Top of Information shown

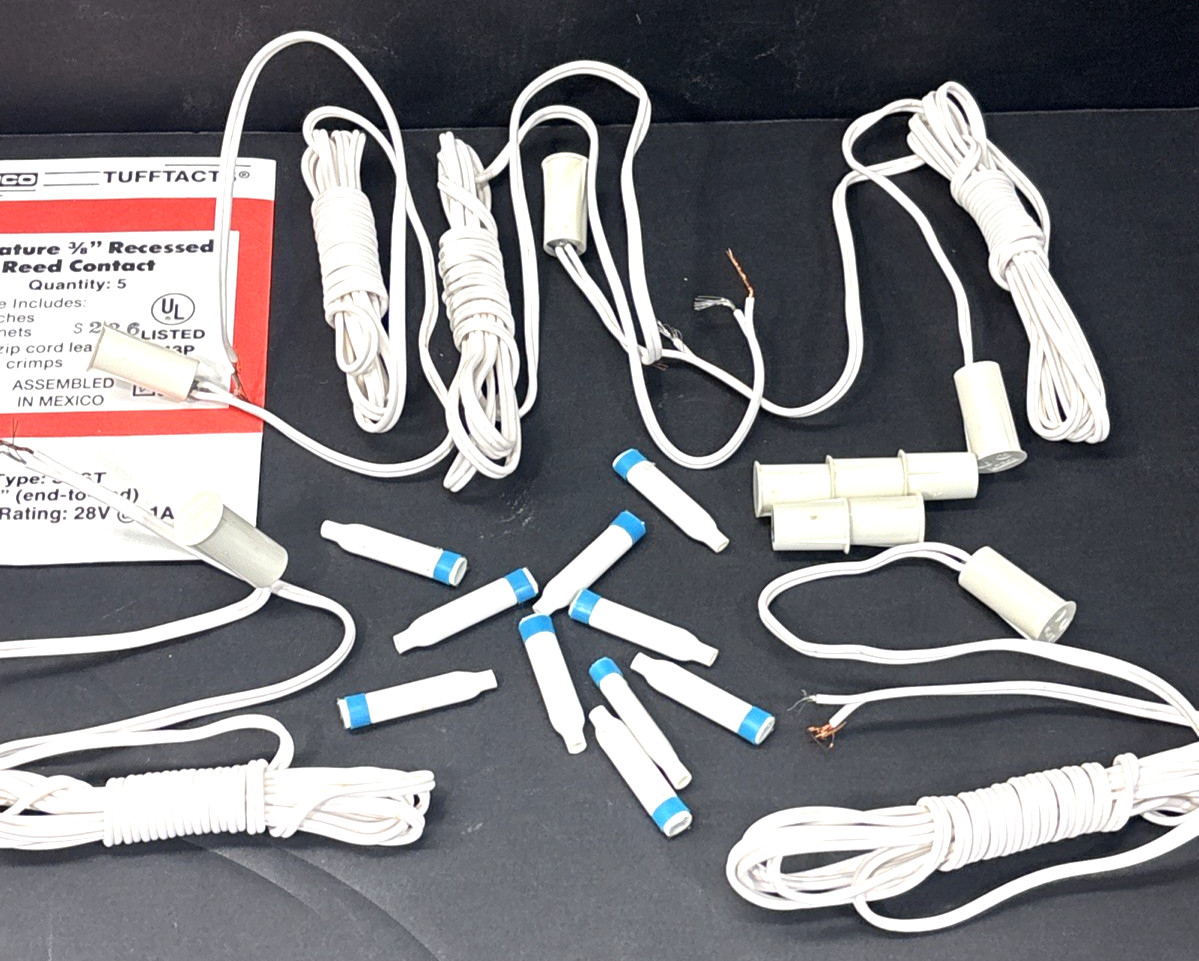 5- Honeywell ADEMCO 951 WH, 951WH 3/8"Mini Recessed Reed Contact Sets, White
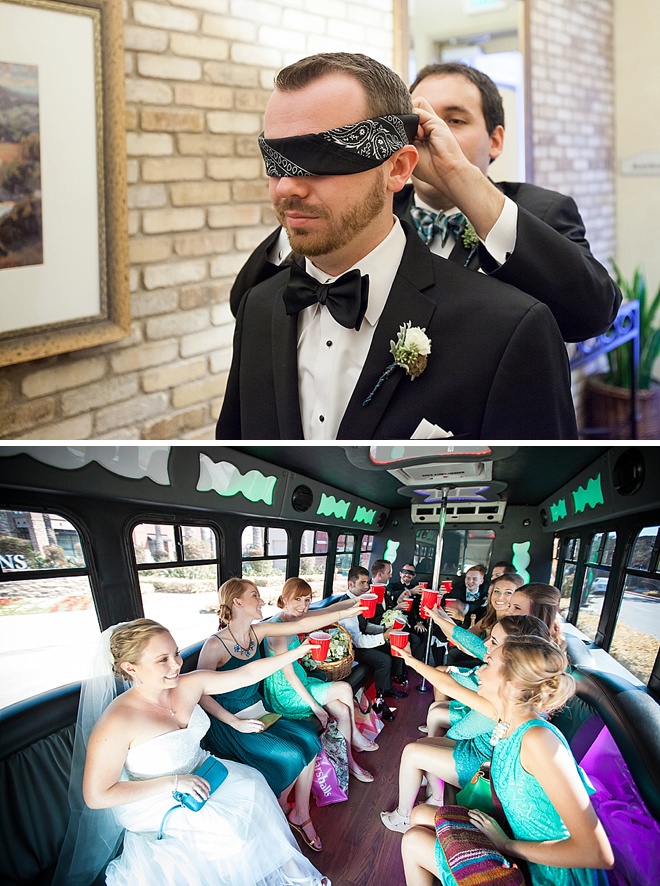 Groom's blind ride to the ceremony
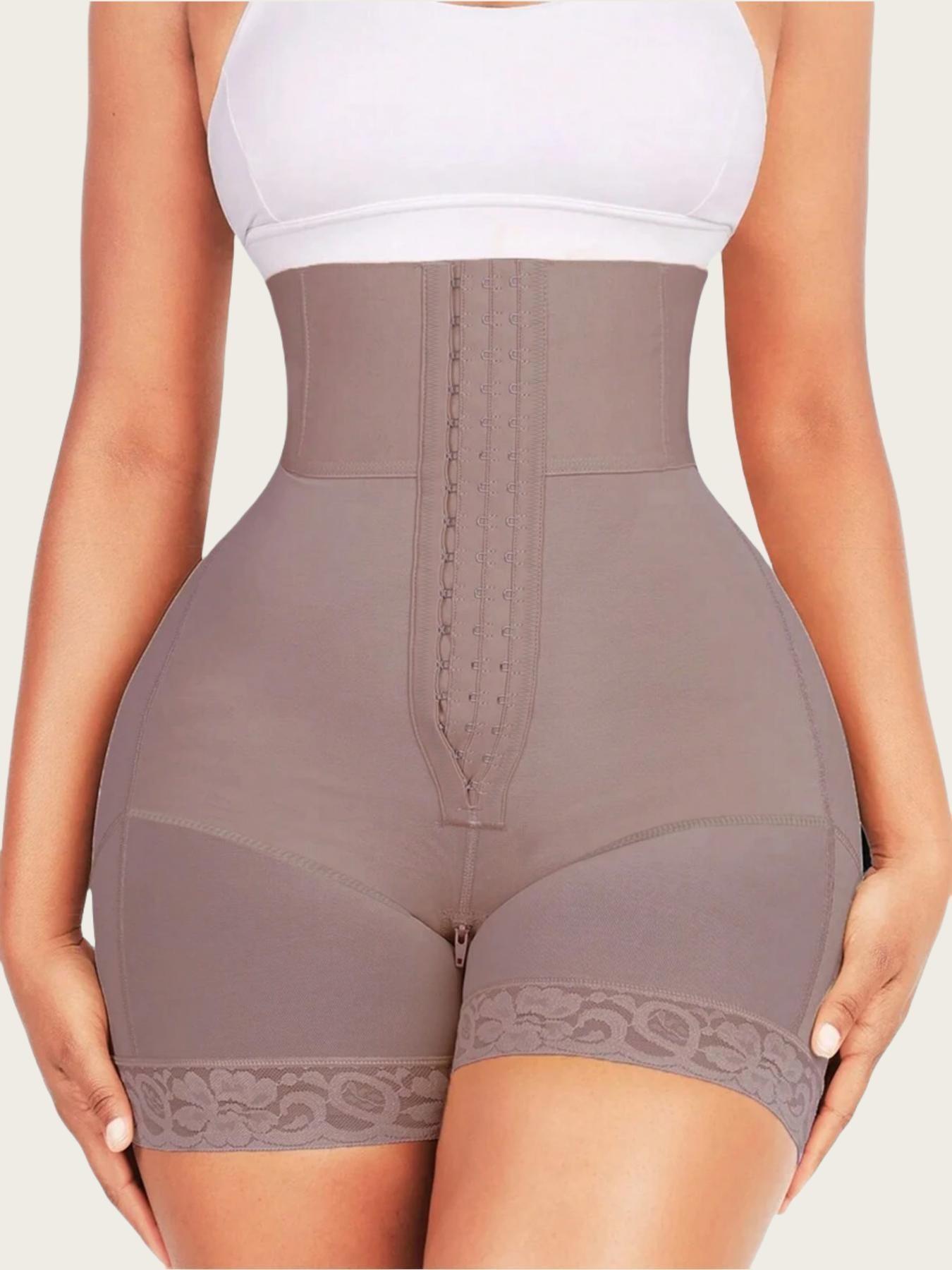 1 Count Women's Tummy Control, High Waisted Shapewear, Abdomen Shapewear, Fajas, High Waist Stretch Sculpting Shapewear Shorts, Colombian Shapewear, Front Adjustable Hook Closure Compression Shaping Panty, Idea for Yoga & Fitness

Bottom of Information shown

__Aim of the task__.
From the first line to the last, set down the data exactly, without the pictures.

__Answer for this exercise__.
 5- Honeywell ADEMCO 951 WH, 951WH 3/8"Mini Recessed Reed Contact Sets, White
 Groom's blind ride to the ceremony
 1 Count Women's Tummy Control, High Waisted Shapewear, Abdomen Shapewear, Fajas, High Waist Stretch Sculpting Shapewear Shorts, Colombian Shapewear, Front Adjustable Hook Closure Compression Shaping Panty, Idea for Yoga & Fitness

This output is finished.